Your goal:
The reply should hold only the lines below beginning at the one with "Diamond Shaped Drop" and ending at the one with "Zonneoploop over de", copied exactly, with every picture left out.

Provided records:
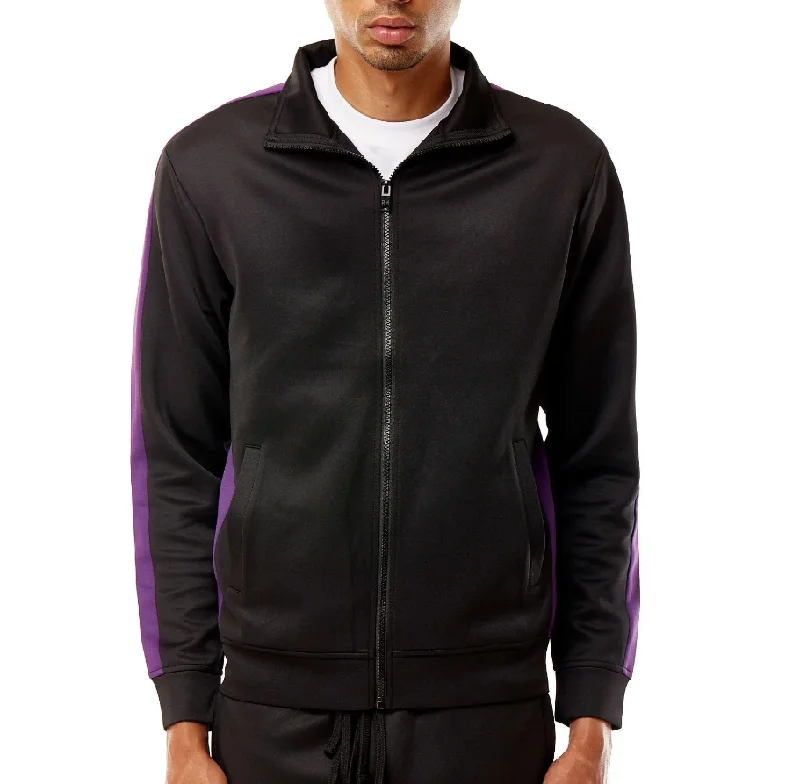 Checkered men jackets in a plaid pattern for a preppy appearanceREBEL MINDS TRACK JACKET BLACK/PURPLE - 100-501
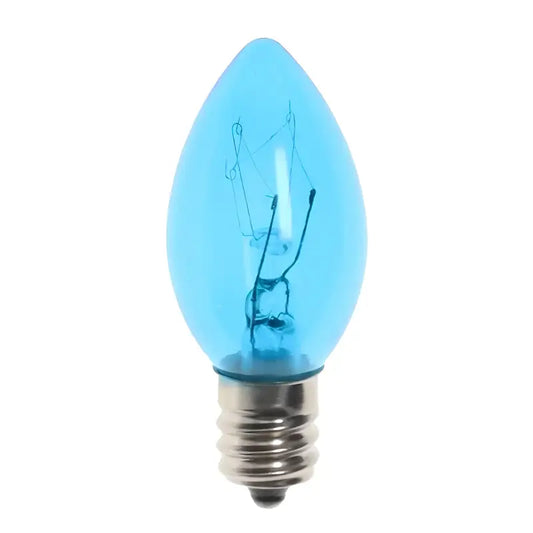 C7 Incandescent Christmas Light Bulbs Blue Transparent Pack of 25 [CLOSEOUT] - Christmas Lights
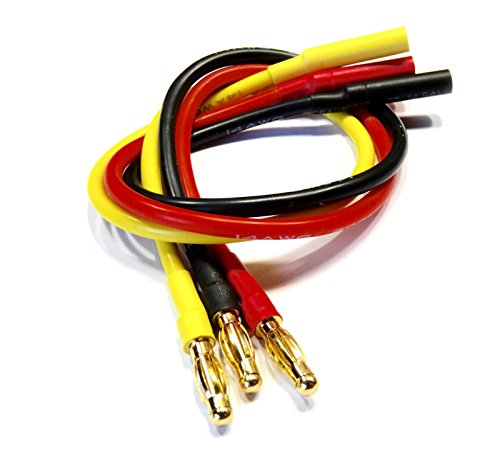 VUNIVERSUM 6 Stück (2 Set) Premium Kabel für Brushless Motor ESC Verlängerung mit 4mm 4,0mm Goldstecker Male auf Female 14AWG 200°C Kabel 250mm 25cm Rot Gelb Schwarz Mr.Stecker Modellbau® von VUNIVERSUM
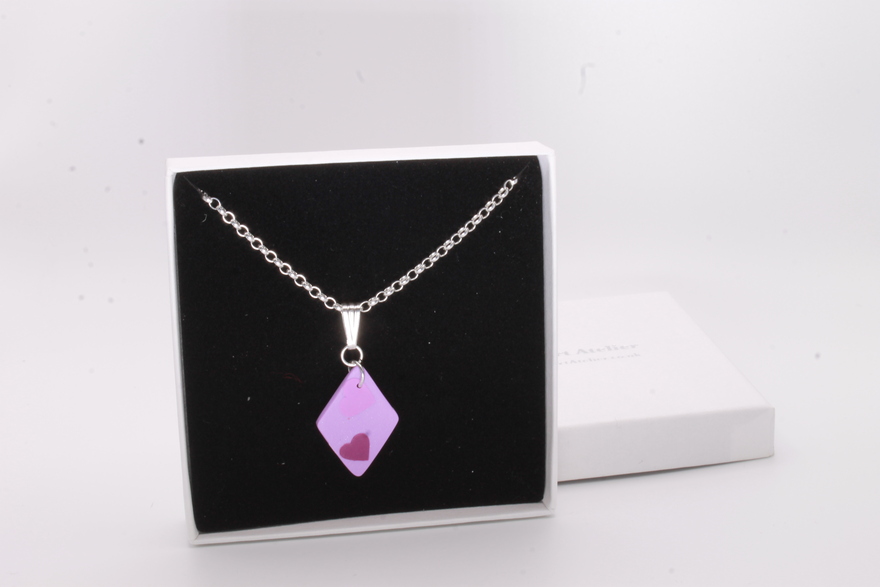 Diamond Shaped Drop with Sterling Silver Chain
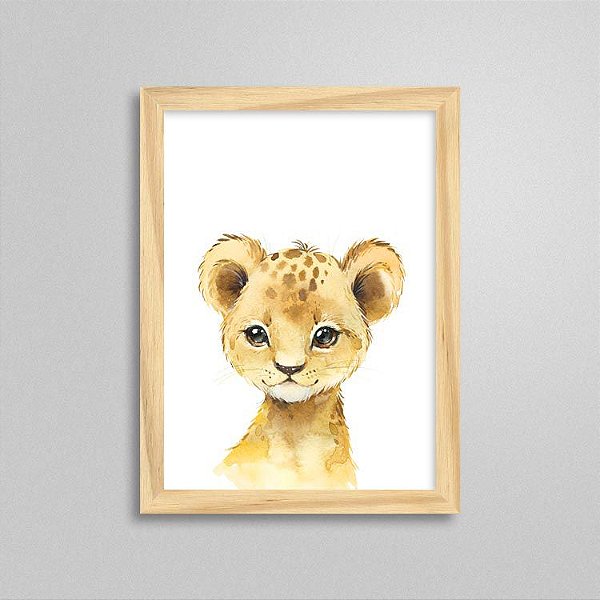 Quadro Filhote de Leão - Decoração Quarto de Bebê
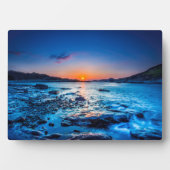 Zonneoploop over de horizon in Seashore op zonsopg Fotoplaat (voorkant)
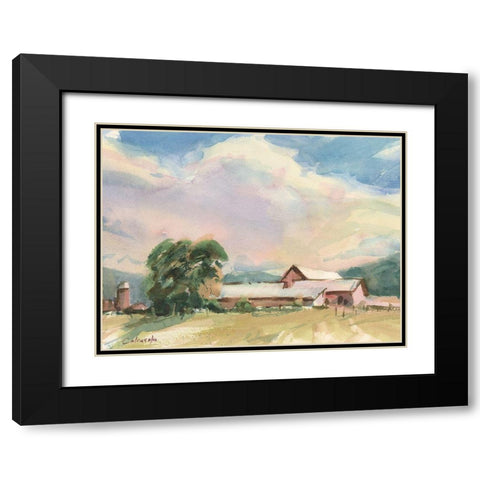 Elm Knoll Farm Black Modern Wood Framed Art Print with Double Matting by Calcasola, Stephen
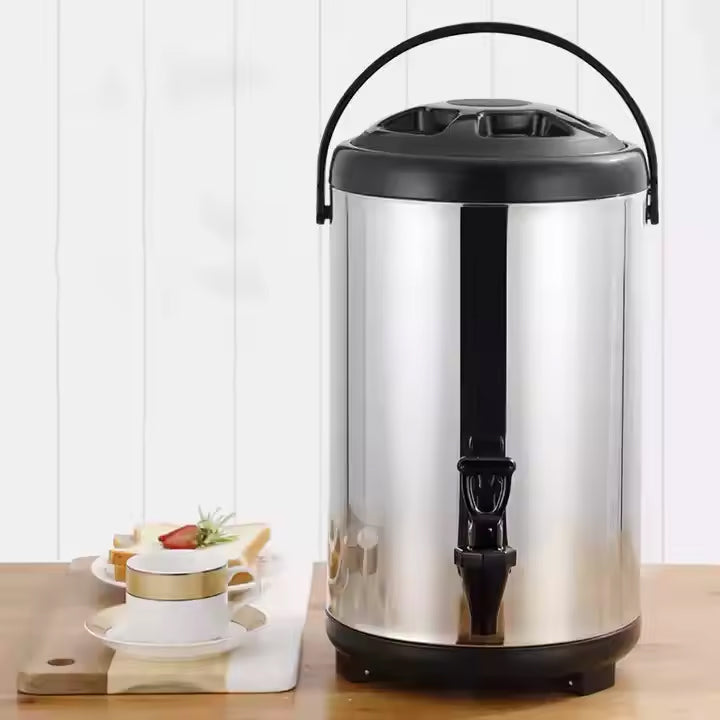 Portable St. Steel Insulated Beverage Dispenser Flask Bucket with Tap & Elevated Base - 16L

Answer section:
 Diamond Shaped Drop with Sterling Silver Chain
 Quadro Filhote de Leão - Decoração Quarto de Bebê
 Zonneoploop over de horizon in Seashore op zonsopg Fotoplaat (voorkant)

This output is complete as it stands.